Summary: A new study from EPFL demonstrates how a soft, compliant robotic hand—built from silicone skin, springs, and flexible joints—can self-organize reliable grasps without detailed environmental sensing or elaborate control software. The ADAPT hand (Adaptive Dexterous Anthropomorphic Programmable sTiffness) successfully picked up 24 different objects with a 93% success rate using only four programmed motions. Its mechanical compliance allowed the hand to adapt naturally to diverse shapes and sizes, producing human-like grasps in many cases.
Traditional rigid robot hands need precise position data and tight control loops to grasp objects. By contrast, the ADAPT hand relies on distributed mechanical intelligence: compliant skin, tunable springs, and flexible joints that passively absorb uncertainty and reshape contact interactions. This approach reduces dependence on complex sensing and control, while still producing robust, repeatable grasps across a wide range of objects.

“When a person reaches for a bottle, they usually don’t need exact measurements or perfect vision to grasp it,” explains Kai Junge from EPFL’s Computational Robot Design & Fabrication (CREATE) Lab. “Human hands exploit compliance at the skin, muscles, and joints to tolerate uncertainty. Our goal was to transfer that distributed mechanical intelligence to a robotic hand.”
The ADAPT hand uses relatively simple compliant elements: silicone strips wrapped around fingers and wrist, spring-loaded joints whose stiffness can be adjusted, and a bendable arm. Instead of actuating every joint separately, the design concentrates 12 motors in the wrist to drive 20 joints; the remainder of the motion and adaptation arises passively from the soft materials and springs. This distributed compliance enables ‘self-organized’ grasps that emerge automatically as the hand interacts with an object.
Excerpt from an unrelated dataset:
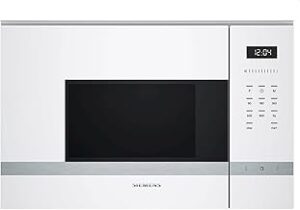 Siemens BF525LMW0 Einbau-Mikrowelle 59.4cm Weiß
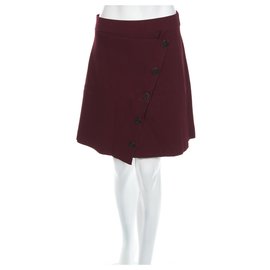 Sandro Skirts Dark red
In controlled experiments, the ADAPT hand executed automated pick-and-place trials and achieved strong robustness. Across more than 300 analyzed grasps and a stress test exceeding 800 grasps, the compliant design consistently outperformed an equivalent rigid configuration. In a focused test with 24 everyday items, the device achieved a 93% grasp success rate while producing grasps that were, on average, 68% similar to natural human grasps.
Key facts
- Self-organized grasping: 93% success rate on 24 varied objects using only four programmed motion waypoints.
- Distributed mechanical intelligence: Compliance in silicone skin, springs, and joints allows passive adaptation without continuous feedback.
- Simplified actuation: 12 motors located in the wrist drive 20 joints; springs and soft materials supply the rest of the mechanical behavior.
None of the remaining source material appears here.